Stored items
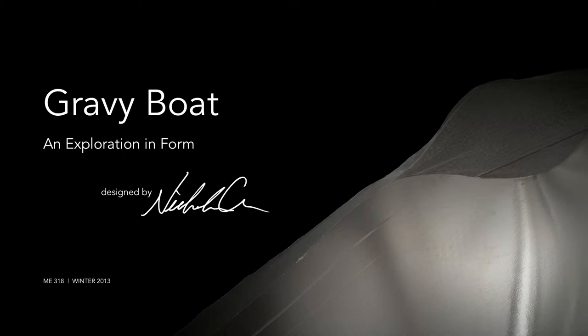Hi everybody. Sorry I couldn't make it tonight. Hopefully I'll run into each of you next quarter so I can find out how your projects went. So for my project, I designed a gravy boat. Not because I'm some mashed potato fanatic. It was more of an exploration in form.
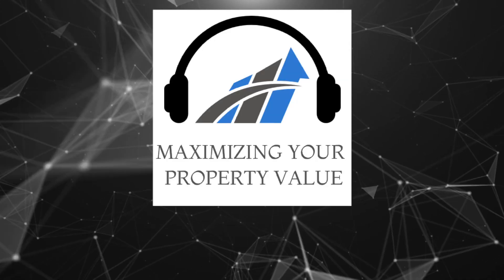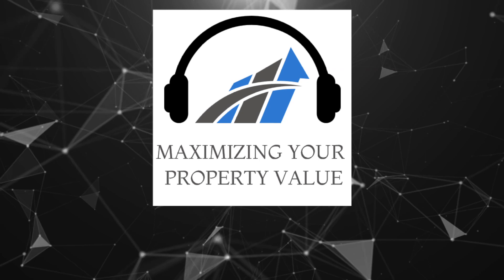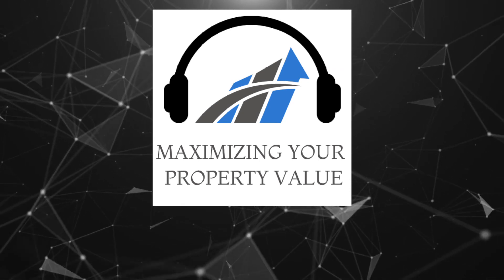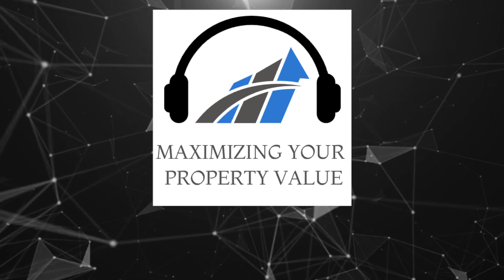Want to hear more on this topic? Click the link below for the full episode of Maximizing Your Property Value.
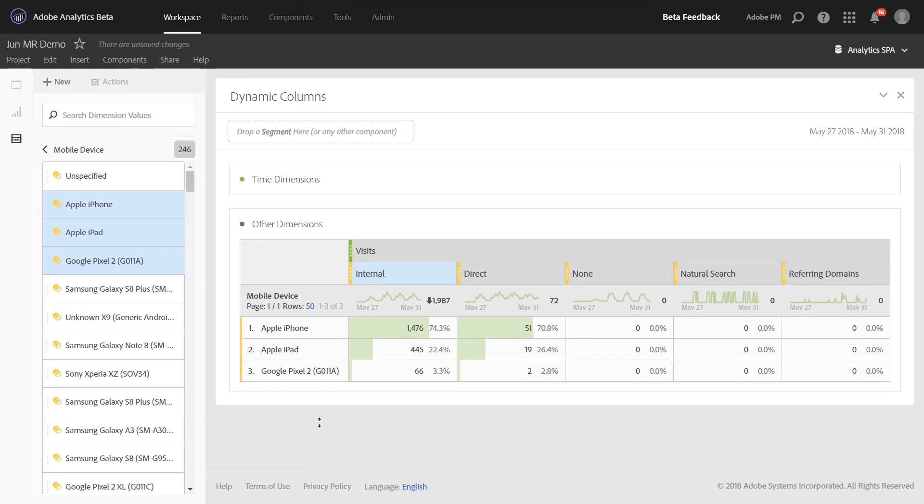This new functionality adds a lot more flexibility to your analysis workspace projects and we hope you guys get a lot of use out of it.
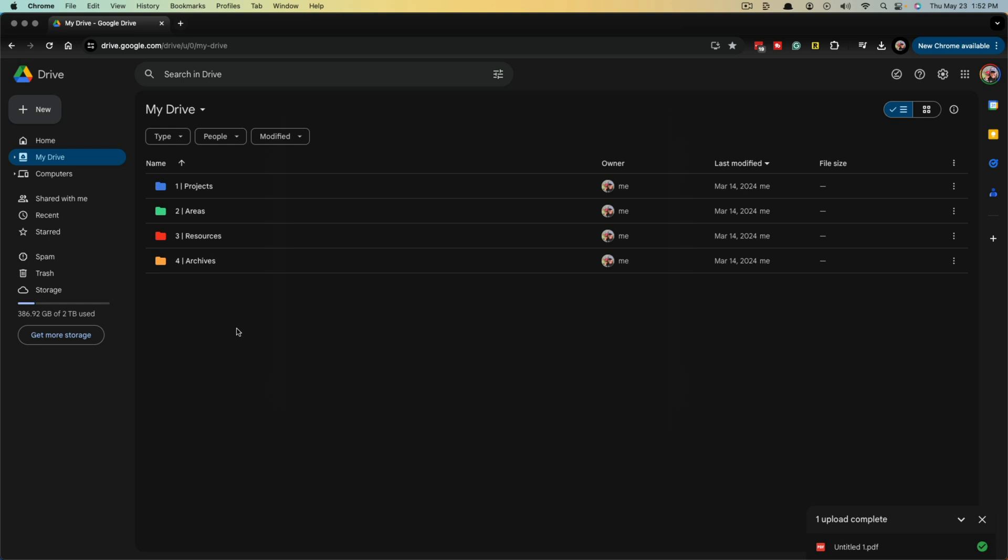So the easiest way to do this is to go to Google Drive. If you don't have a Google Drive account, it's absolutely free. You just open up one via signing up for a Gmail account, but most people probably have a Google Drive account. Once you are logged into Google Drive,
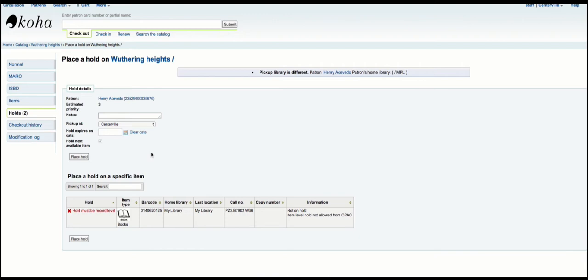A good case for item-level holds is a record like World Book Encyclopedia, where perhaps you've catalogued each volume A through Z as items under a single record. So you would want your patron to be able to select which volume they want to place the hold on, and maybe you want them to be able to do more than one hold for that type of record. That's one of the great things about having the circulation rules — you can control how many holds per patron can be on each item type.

◆ What this task involves
Retype every record above exactly as written, but leave out the pictures.

◆ Solved exercise
Hi everybody. Sorry I couldn't make it tonight. Hopefully I'll run into each of you next quarter so I can find out how your projects went. So for my project, I designed a gravy boat. Not because I'm some mashed potato fanatic. It was more of an exploration in form.
Want to hear more on this topic? Click the link below for the full episode of Maximizing Your Property Value.
This new functionality adds a lot more flexibility to your analysis workspace projects and we hope you guys get a lot of use out of it.
So the easiest way to do this is to go to Google Drive. If you don't have a Google Drive account, it's absolutely free. You just open up one via signing up for a Gmail account, but most people probably have a Google Drive account. Once you are logged into Google Drive,
A good case for item-level holds is a record like World Book Encyclopedia, where perhaps you've catalogued each volume A through Z as items under a single record. So you would want your patron to be able to select which volume they want to place the hold on, and maybe you want them to be able to do more than one hold for that type of record. That's one of the great things about having the circulation rules — you can control how many holds per patron can be on each item type.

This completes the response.